Sovereign green bonds: Risk-mitigating sustainability instruments in emerging markets
研究了2017至2023年间44个国家168只主权可持续债券的定价,发现新兴经济体的绿色债券存在约10个基点的负溢价,表明绿色标签能降低感知风险和信息不对称。
Sovereign green bonds have emerged as a prominent policy instrument to mobilize climate finance, yet evidence on their pricing implications, especially across development levels and relative to unlabeled sustainability bonds, remains limited. This study provides the first global, bond-level analysis of sovereign green and sustainability bond pricing in secondary markets across advanced and emerging economies. Using Bloomberg data on 168 sovereign sustainability bonds issued between 2017 and 2023 across 44 countries, the analysis employs coarsened exact matching to estimate the greenium for green-labeled as well as unlabeled bonds. The results reveal strong regional heterogeneity. In advanced economies, sovereign green bonds trade at a positive yield premium of 20–40 basis points. In contrast, EMDEs exhibit a significant sovereign greenium of approximately 10 basis points for green-labeled bonds, alongside a positive premium for unlabeled sustainability bonds.
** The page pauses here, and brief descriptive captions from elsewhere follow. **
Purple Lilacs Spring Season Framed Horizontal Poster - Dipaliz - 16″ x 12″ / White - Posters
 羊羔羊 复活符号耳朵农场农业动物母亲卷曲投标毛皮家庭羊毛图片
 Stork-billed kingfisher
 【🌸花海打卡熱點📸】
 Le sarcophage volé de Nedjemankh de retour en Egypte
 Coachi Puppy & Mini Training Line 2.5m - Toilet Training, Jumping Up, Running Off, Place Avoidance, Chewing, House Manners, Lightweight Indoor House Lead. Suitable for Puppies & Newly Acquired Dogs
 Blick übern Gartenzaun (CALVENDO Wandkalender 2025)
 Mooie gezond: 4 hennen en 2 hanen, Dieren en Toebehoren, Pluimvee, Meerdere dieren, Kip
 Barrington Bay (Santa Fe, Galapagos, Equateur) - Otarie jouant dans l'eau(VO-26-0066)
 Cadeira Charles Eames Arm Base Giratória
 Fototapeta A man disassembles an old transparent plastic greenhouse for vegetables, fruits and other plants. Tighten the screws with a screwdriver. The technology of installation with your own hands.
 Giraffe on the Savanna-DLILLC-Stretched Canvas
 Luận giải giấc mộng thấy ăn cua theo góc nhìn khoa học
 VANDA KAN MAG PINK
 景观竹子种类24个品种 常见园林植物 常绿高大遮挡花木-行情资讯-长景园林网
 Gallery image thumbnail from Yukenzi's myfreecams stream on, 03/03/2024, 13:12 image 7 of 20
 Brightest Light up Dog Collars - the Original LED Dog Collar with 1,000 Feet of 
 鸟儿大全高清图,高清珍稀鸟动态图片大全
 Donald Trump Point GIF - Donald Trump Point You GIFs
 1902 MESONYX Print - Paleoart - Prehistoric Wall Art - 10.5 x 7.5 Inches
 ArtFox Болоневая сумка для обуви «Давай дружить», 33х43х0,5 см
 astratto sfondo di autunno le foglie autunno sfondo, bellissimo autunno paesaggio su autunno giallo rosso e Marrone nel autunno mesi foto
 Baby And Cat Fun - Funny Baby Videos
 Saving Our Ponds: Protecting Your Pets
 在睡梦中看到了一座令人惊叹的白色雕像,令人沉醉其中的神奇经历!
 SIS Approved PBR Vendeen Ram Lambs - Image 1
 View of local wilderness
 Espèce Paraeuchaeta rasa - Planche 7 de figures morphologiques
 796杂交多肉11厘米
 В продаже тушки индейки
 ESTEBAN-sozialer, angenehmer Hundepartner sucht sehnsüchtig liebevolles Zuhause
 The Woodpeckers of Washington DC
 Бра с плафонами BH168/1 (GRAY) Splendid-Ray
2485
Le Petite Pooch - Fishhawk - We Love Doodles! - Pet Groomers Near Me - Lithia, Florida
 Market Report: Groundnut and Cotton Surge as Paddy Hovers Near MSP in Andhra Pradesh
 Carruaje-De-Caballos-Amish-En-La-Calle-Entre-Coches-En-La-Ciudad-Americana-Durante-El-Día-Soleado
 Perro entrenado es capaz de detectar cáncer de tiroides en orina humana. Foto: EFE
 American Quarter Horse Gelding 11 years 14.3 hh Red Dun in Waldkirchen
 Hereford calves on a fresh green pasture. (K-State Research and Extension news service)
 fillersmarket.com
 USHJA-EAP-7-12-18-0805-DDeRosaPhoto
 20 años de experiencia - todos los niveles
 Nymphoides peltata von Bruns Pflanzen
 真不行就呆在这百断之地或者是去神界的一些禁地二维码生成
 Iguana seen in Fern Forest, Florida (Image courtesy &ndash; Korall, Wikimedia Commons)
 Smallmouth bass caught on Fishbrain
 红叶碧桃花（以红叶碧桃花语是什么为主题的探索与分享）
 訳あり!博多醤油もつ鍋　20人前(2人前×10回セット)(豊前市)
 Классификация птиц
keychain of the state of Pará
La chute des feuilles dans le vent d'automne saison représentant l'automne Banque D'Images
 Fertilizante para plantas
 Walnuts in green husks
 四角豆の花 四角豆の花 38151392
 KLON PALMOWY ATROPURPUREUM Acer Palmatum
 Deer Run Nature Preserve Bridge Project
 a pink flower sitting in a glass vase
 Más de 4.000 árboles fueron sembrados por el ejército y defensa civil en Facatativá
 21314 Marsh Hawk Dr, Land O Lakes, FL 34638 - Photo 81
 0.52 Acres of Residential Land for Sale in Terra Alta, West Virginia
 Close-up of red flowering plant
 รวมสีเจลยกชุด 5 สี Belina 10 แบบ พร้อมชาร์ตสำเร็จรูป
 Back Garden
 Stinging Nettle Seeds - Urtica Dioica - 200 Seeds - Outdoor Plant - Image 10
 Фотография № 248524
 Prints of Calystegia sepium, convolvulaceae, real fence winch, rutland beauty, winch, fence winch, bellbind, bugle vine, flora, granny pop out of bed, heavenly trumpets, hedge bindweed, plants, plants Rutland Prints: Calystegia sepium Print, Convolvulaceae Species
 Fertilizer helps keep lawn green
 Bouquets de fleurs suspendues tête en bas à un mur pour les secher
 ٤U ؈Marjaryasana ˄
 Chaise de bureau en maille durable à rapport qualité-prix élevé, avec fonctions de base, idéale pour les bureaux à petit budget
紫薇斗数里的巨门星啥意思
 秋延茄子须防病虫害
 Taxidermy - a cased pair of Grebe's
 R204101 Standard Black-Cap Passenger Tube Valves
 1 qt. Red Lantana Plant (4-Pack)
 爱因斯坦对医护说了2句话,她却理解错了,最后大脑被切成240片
This suggests that green labeling is associated with lowered perceived risk and informational asymmetry. This is especially true for riskier countries, speculative-grade bonds, and during periods of financial volatility. Overall, the results highlight that while sovereign green bonds may act as effective risk-mitigating instruments for climate finance in emerging economies, institutional heterogeneity and market structures have a role to play in shaping sustainability bond issuances.